WHAT TO WORK ON = What follows is a set of records; restate each one word for word and drop the pictures.

▼

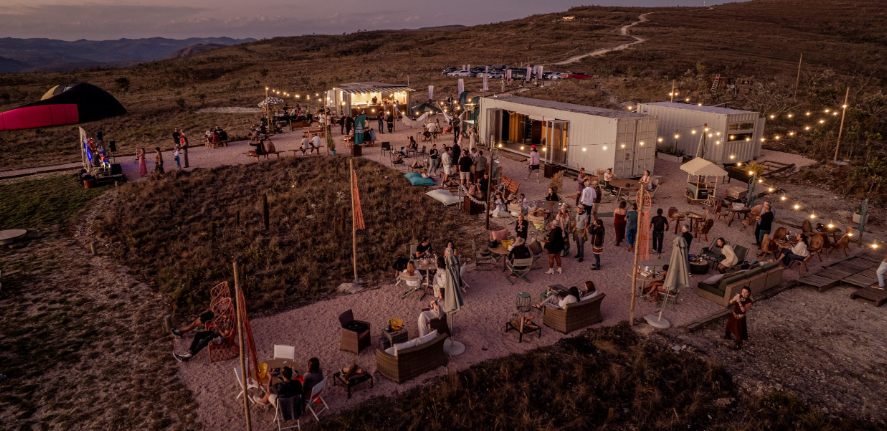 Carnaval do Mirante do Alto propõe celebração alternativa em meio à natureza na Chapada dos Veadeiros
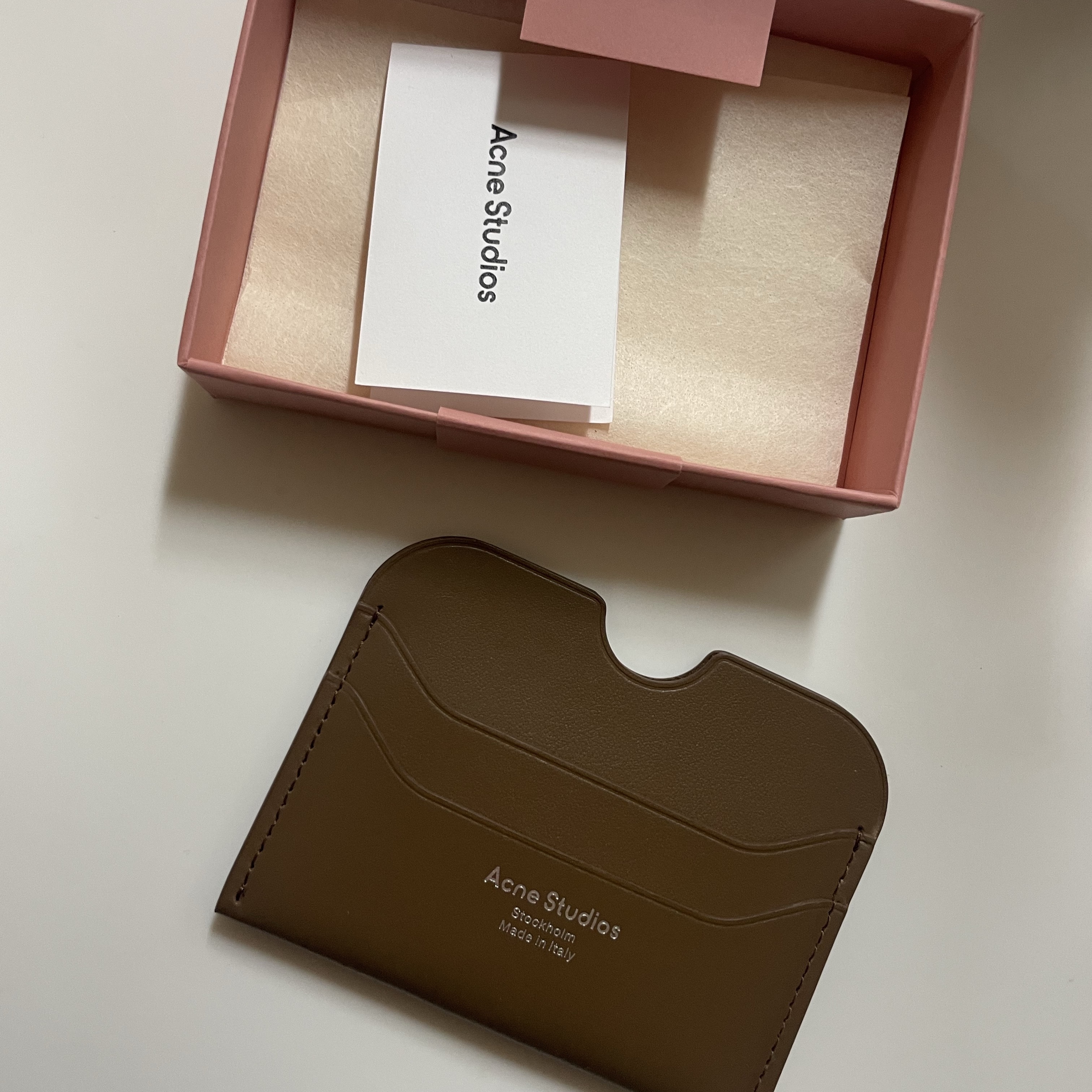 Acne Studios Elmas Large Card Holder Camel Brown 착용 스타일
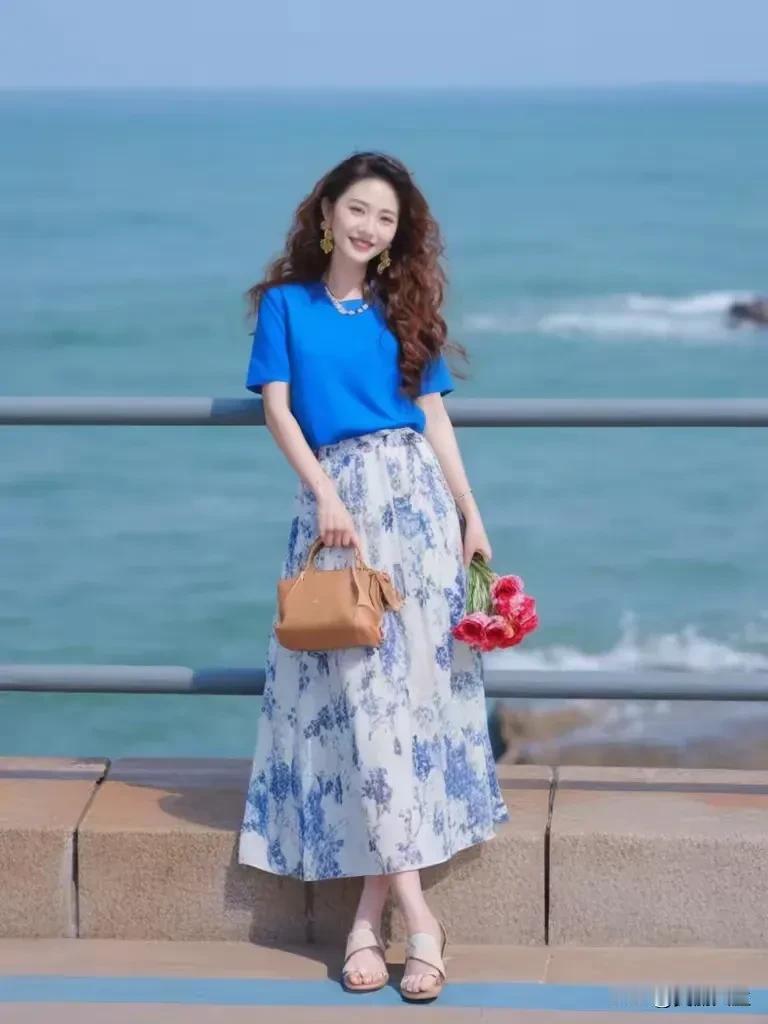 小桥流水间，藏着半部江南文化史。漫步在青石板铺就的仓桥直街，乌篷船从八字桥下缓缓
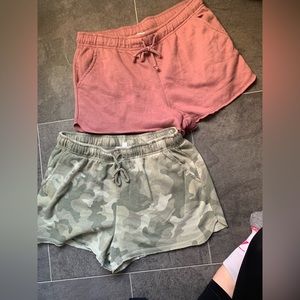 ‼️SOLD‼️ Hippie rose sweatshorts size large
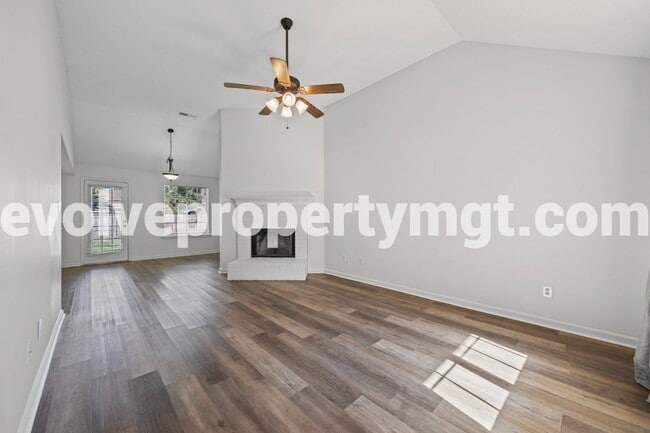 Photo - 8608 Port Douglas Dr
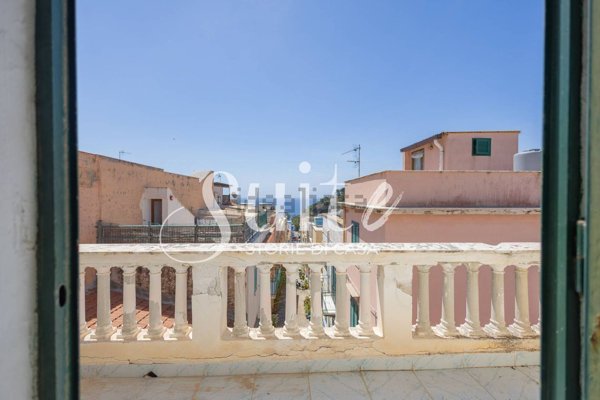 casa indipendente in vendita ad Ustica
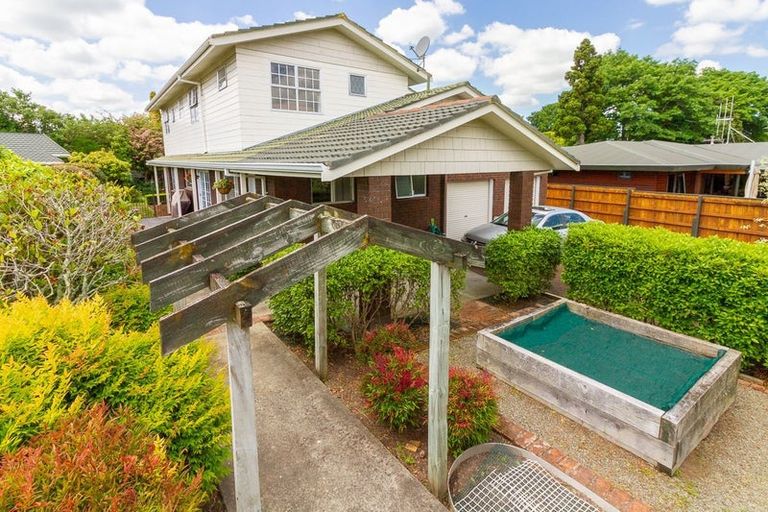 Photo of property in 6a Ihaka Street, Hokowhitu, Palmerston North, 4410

▲

EXERCISE RESULT =
 Carnaval do Mirante do Alto propõe celebração alternativa em meio à natureza na Chapada dos Veadeiros
 Acne Studios Elmas Large Card Holder Camel Brown 착용 스타일
 小桥流水间，藏着半部江南文化史。漫步在青石板铺就的仓桥直街，乌篷船从八字桥下缓缓
 ‼️SOLD‼️ Hippie rose sweatshorts size large
 Photo - 8608 Port Douglas Dr
 casa indipendente in vendita ad Ustica
 Photo of property in 6a Ihaka Street, Hokowhitu, Palmerston North, 4410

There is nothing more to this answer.